‘What is it?’ he asked.
She lifted the torch up a little and it picked out the grinning face of the golden idol. It sat upright in the corner, as if it had been carefully placed there, surveying the whole undercroft. Staring at them.
‘And what the fuck is that?’ Nick exclaimed.
She didn’t know the answer to that. She couldn’t seem to find words.
‘Alex? What happened?’ Nick asked, trying desperately to gentle his own voice and barely managing it.
Alex opened her mouth to answer but she was suddenly exhausted, her head pounding with a headache. All that she had in her had gone into freeing Sally from whatever that thing was. And she wouldn’t have managed without Theo.
He’d come to help her, to save Sally. She had called him when she called the wild wood and now…now he was gone again.The pang of loss shot through her again, that emptiness. He was gone. And so was Sally.
And how did she begin to explain any of that? Especially to Nick.
I exorcised your wife. She’s gone forever. You’ll never see her again. She went with my brother, the man who stole her from you in life as well…
No. No, she couldn’t say that.
‘She saved Mummy,’ Maeve piped up, unexpectedly, her voice still racked with sobs. ‘The bad man had Mummy and Alex saved her and set her free. Alex and the man made of the light from the forest. And they saved me. From the dark man.’ She sobbed again, rubbing her hands furiously on her clothes in desperation. ‘Daddy, there’s icky stuff all over me. I can’t get it off.’
CHAPTER 39
ALEX
The first thing was to scrub Maeve’s hands and arms clean, and then bundle her up in the car with Patricia, Nick holding her close until the very last minute, almost bent double, half in the car, promising over and over that he’d come down to the village and see her as soon as he could.
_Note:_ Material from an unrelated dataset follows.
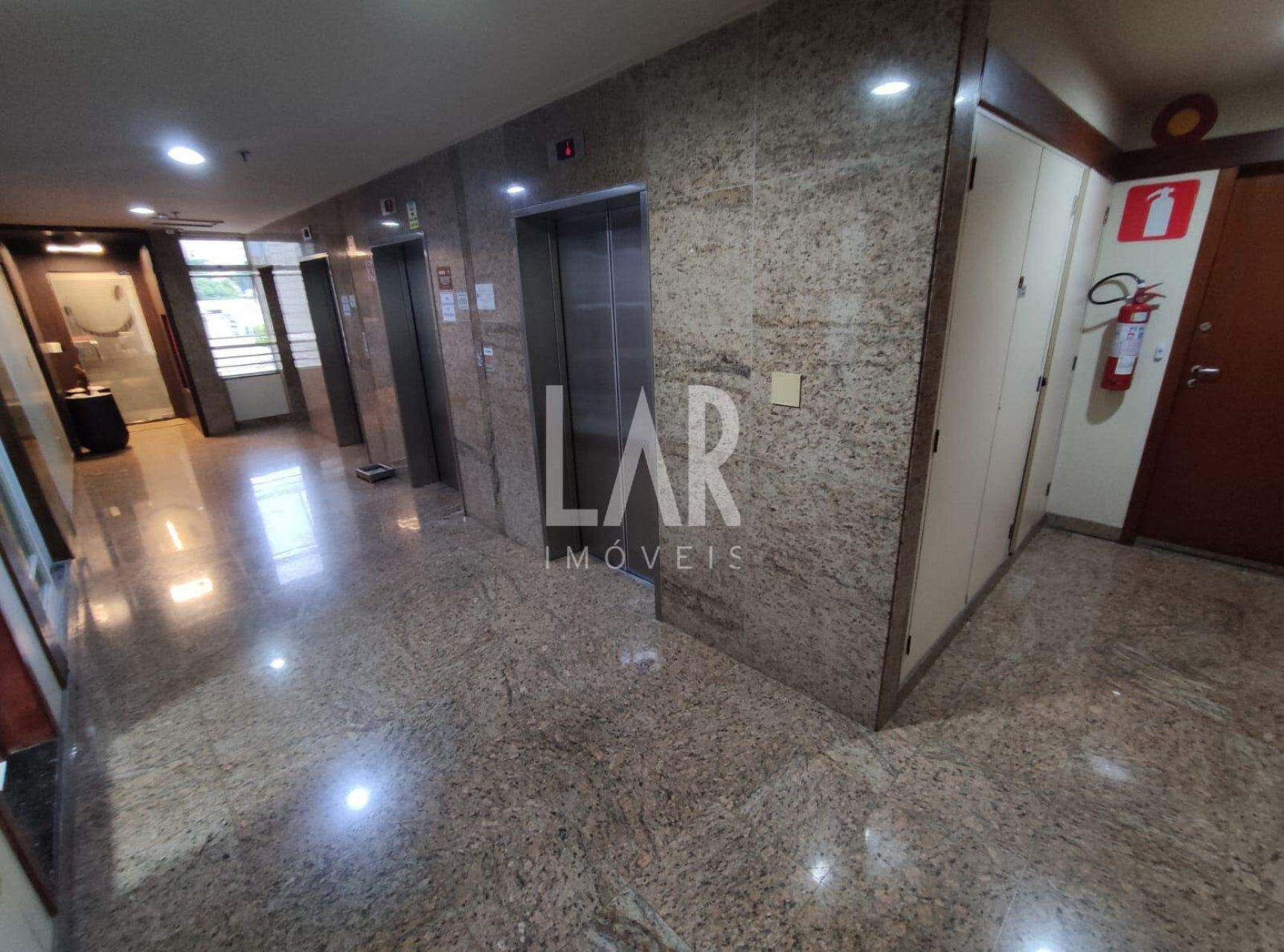 Sala à venda, Savassi, Belo Horizonte - MG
Alex stood by awkwardly, trying to keep from breaking down into a sobbing mess herself. She wanted to. She wasn’t sure how she was holding anything together.
She had seen Theo. Without him, she might not even be standing here. He had saved her, Maeve and Sally. She wouldn’t have had the strength without him.
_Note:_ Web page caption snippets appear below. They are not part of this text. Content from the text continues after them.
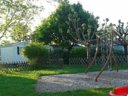 Cliquez pour découvrir toutes les photos de l'ÉTABLISSEMENT ! camping Village La Rivière Fleurie photo 3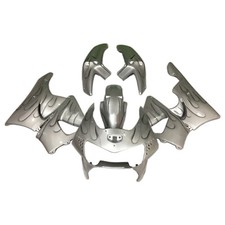 Motorcycle Fairing Bodywork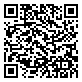 qrcode:article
And then what would have happened?
She remembered that place, the creeping darkness sucking at her soul. She remembered her dad…
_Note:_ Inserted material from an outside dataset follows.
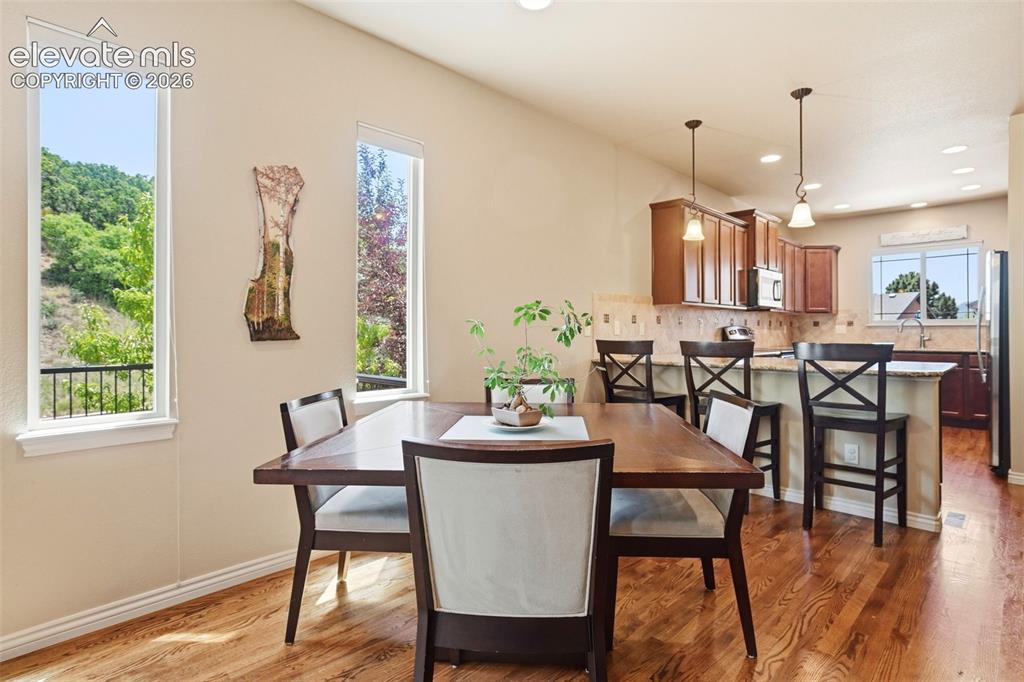5473 Lions Gate Lane Colorado Springs CO 80919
‘Run, Alex! You have to run! NOW!’
How did she remember that now? And why did the darkness that had reared up around her in the undercroft still feel like it was pressing in on the back of her mind?
‘Alex?’ Nick called her back to the here and now with a start. His voice sounded as shaky as she felt. ‘Maeve would like to talk to you.’
Alex leaned into the car only to be engulfed in a huge hug. ‘Thank you,’ the little girl said into her shoulder, her voice muffled but unmistakable. ‘And you have to be careful now. He’s angry. He saw you, and he remembers you. He wants you.’
‘Who?’ She couldn’t mean Nick. He just looked terrified.
‘The dark man. Here—’ Maeve pulled back and then scrabbled around in the pocket on the seat in front of her, before pulling out a plait made of dried grass and withered daisies. Another one. How many did the child have? She knotted it around Alex’s wrist before Alex could stop her. ‘The other one is gone with the man from the forest, but this will protect you. I promise. Like you promised my mummy you’d protect me and Daddy. I’ll look after you too, Alex.’
‘Thank you, sweetheart,’ Alex replied. ‘And…maybe stay with your gran now until we know it’s safe here, okay? No more adventures until you’re bigger.’
Maeve grinned at her. ‘And when I’m bigger, I’m going to hunt down ghosts like you. And help them. Like you helped Mummy.’
Patricia couldn’t wait to get into the car and drive away. Alex didn’t blame her.
She and Nick watched them go until they vanished beyond the gates. He had his arms wrapped around his chest, like he was still hugging his daughter. Alex fiddled with the new grass bracelet and wished she had the child’s powers of belief. Especially self-belief.
Dark clouds were gathering over the valley beyond the trees, that kind of roiling darkness that presaged a storm.
Nick drew in a shuddering breath before turning to her.